Brexit effect – outlook for 2017

The Dutch M&A market was impacted by the Brexit decision in June 2016. However, Q4 2016 was quite strong in terms of M&A and compensated for some of the effects of Brexit. According to several studies, the number of transactions in the Dutch market for 2016 dropped with 10% compared to 2015. It is not yet clear whether the strong Q4 will continue into Q1 2017 or whether the negative impact of Brexit and/or unexpected outcomes of elections in Germany, France or the Netherlands will cause unrest again. Putting aside the potential for unrest, the two ingredients supporting M&A activity are: cheap capital and a lot of available cash for PE funds.
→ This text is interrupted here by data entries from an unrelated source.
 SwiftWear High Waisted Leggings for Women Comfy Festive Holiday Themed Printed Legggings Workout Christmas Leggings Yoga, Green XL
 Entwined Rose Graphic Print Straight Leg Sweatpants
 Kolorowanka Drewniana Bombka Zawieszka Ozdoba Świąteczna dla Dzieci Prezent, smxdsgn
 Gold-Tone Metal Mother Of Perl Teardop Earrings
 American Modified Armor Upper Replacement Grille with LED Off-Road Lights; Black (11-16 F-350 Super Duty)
Dutch Seed Capital Scheme exceeds expectations

In 2016 the Dutch Ministry of Economic Affairs and private risk capital funds have provided EUR 65 million to support start-ups in innovative sectors such as IT, Energy, Healthcare, Food & Agriculture through using the so-called Seed Capital Scheme (Seed Capital Regeling). The Seed Capital Scheme has been established since 2005. Closed-end participation funds can qualify themselves if they invest in tech start-ups that meet certain conditions under the Seed Capital Scheme.  If qualified, the government will grant a loan under attractive terms (up to the maximum amount of EUR 6 million). The Seed Capital Scheme is hence highly interesting for both investors and start-ups.
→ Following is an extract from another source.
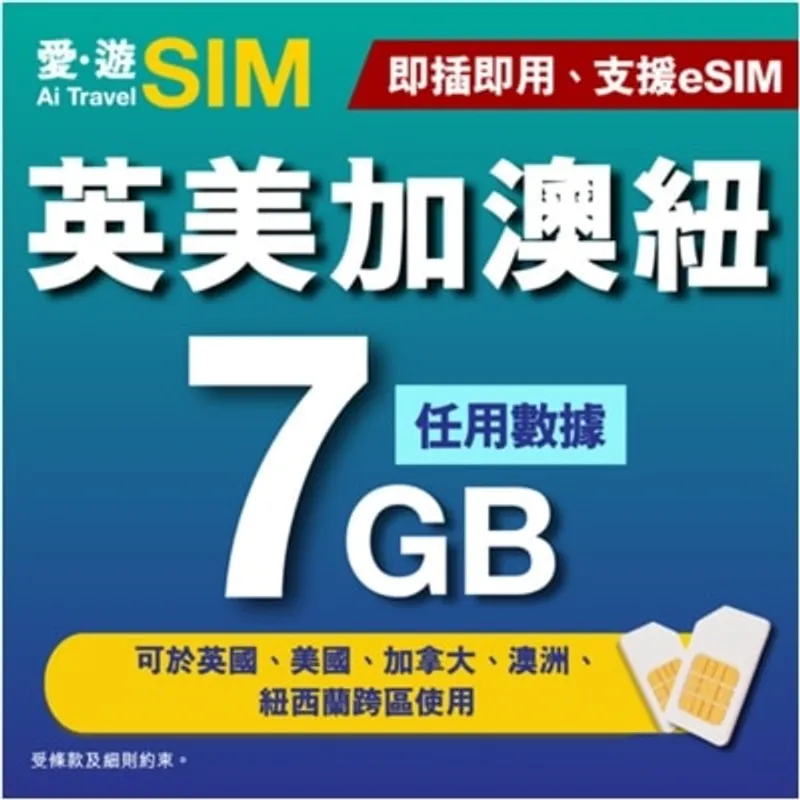 SOSIM 30日英美加澳紐7GB FUP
The Dutch Ministry has opened a new tender period from 1 January 2017 through 31 March 2017 for another EUR 24 million for funds investing in start-ups and innovative companies in the Netherlands. A special budget of EUR 6 million will be available for investors in e-health tech start-ups.
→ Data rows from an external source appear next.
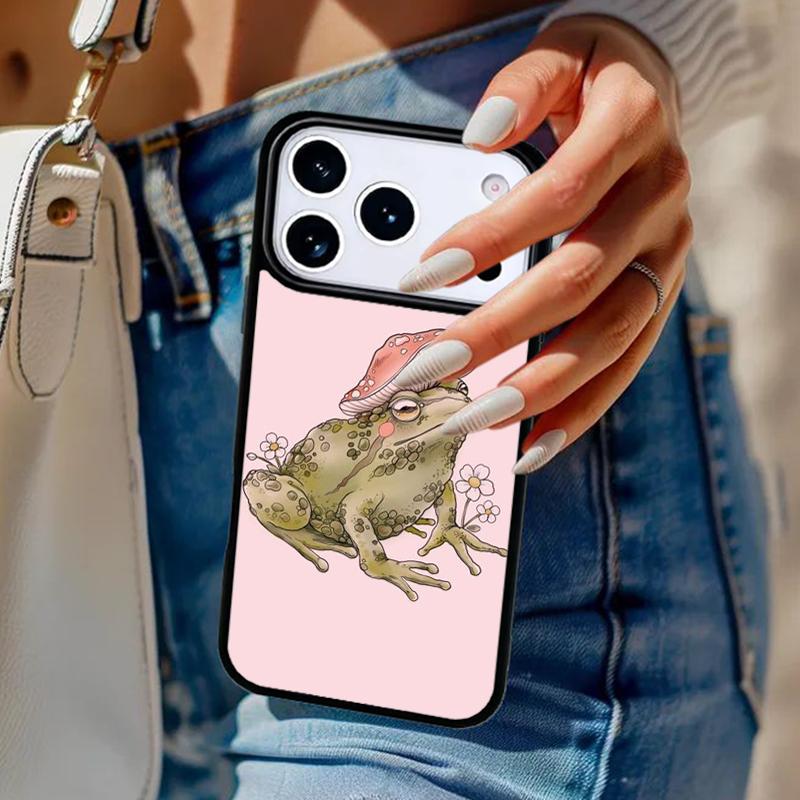 mushroom frog Phone Case For iPhone 17 Air 14 15 13 12 Max Cover For Apple 16e 11 Pro Max Plus Coque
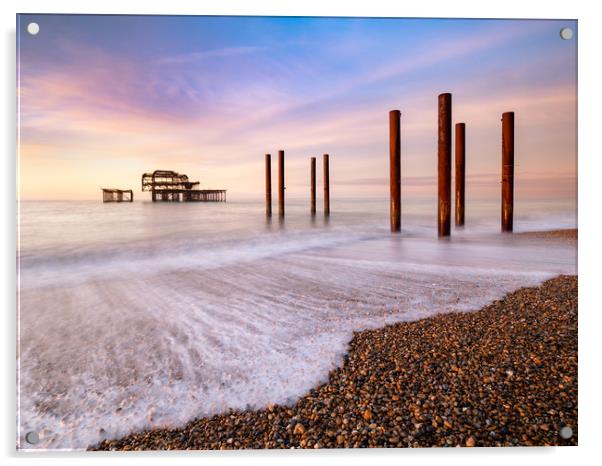 Majestic Sunrise at Burnt West Pier Acrylic by Rick Bowden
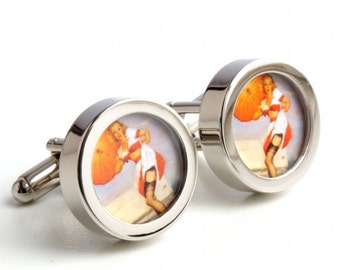 Vintage Blonde Pinup Cufflinks - Red Umbrella and Black Stockings PC299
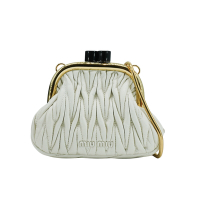 二手品 Miu Miu Belle 納帕皺褶羊皮迷你斜背晚宴包(5BP016-白)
Start-up trends in the Dutch market

According to market data, Dutch start-ups raised at least EUR 263 million of funding which is slightly less than 2015. It is worth mentioning that med-tech start-ups were well represented in the top 15 Dutch start-up investments of 2016. Fintech is also growing, particularly cyber security companies.

OC team in Amsterdam

In 2016 the team has been regularly involved in VC/PE transactions, both in the Dutch market and cross border transactions. The team advised PE/VC investors and strategic buyers, as well as targets and their selling shareholders, mainly in the sectors of tech, media and comms and life sciences and healthcare. We also saw a lot of interest in fintech and expect the fintech sector to further grow in 2017.

The OC corporate team in Amsterdam continues to expand rapidly. In 2016 seven lawyers joined the team, including Geoffrey Beurskens (a senior associate with extensive experience in advising start-ups/growth companies in respect of VC deals and M&A transactions) and Johannes de Jong (who previously worked at the Dutch regulator, Authority for the Financial Markets).  Johannes joined as head of Amsterdam’s Financial Regulatory practice and broughthis extensive experience in payment services, fintech and crowd funding as well as funds and infrastructures.

The team is able to offer clients full services on all legal aspect of their deals. In 2016, the Amsterdam corporate team has been able to add an impressive number of well-known investors, ‘start-ups’ and ‘grow ups’ to its existing client data base in a limited period of time.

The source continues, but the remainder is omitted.